彼女たちは、まるで待っていたかのように手を挙げた。

「先生、ドッジボールできるなら、バイト休んででもやりますよ」

「去年、ほんまに楽しかったんです。あれ、もう1回したいです」

その目は、冗談ではなく本気だった。

彼女たちに学友会のメンバーがいない事情を伝えると、むしろ嬉しそうに笑った。

「じゃあ、ビンゴの景品、私ら買いに行きます」

「当日の運営もやります。

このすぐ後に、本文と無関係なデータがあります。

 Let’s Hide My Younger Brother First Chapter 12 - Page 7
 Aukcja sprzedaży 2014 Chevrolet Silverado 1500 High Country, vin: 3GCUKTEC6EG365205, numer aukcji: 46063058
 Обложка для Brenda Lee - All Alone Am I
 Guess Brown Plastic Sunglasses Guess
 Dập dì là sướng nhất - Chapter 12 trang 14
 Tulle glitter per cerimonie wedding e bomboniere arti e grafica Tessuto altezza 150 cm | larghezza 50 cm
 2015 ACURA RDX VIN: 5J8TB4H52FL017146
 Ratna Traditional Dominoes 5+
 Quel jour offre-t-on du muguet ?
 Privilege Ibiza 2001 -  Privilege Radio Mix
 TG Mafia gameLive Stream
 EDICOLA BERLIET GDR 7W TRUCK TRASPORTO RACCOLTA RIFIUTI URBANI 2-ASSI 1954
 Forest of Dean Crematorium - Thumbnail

ドッジボールの準備も任せてください」

頼もしさに胸が熱くなる。

だが、教員にはひとつだけ気がかりがあった。

「ドッジボールを怖がる学生が少なからずいる……」

そう伝えると、彼女たちは、少し考えてから、ぱっと表情を明るくした。

「じゃあ、希望者だけでいいやん」

「歓迎会が終わってから始めたら、参加したい人だけ来れるし」

その提案は、驚くほど自然で、優しかった。

そして迎えた当日。

新入生歓迎会が終わって、体育館には――

30人近い学生たちが、笑顔で集まっていた。

ドッジボール、縄跳び、バレーボール。

思い思いのスポーツを楽しむ声が、体育館の天井に響き渡る。

その光景は、誰かに「やらされた」イベントでは決して生まれない。

学生たち自身が「やりたい」と願い、動き、つくりあげた時間だった。

そして、さらに驚くことが起きた。

このスポーツ交流があまりに楽しかったから―という理由で、

1年生と2年生あわせて20名が、今年度の学友会に入会してくれたのだ。

「こんな楽しいこと企画できるなら、私も入りたい」

そう言って笑う新入生の姿に、胸がじんわりと温かくなる。

学生が主体となって動いたからこそ、心に響いた。

満足感が生まれた。

そして、「自分もその輪に入りたい」と思わせた。

あの日、体育館に響いた笑い声は、

ただの行事を越えて、学生たちの未来を少しだけ変えたのかもしれない。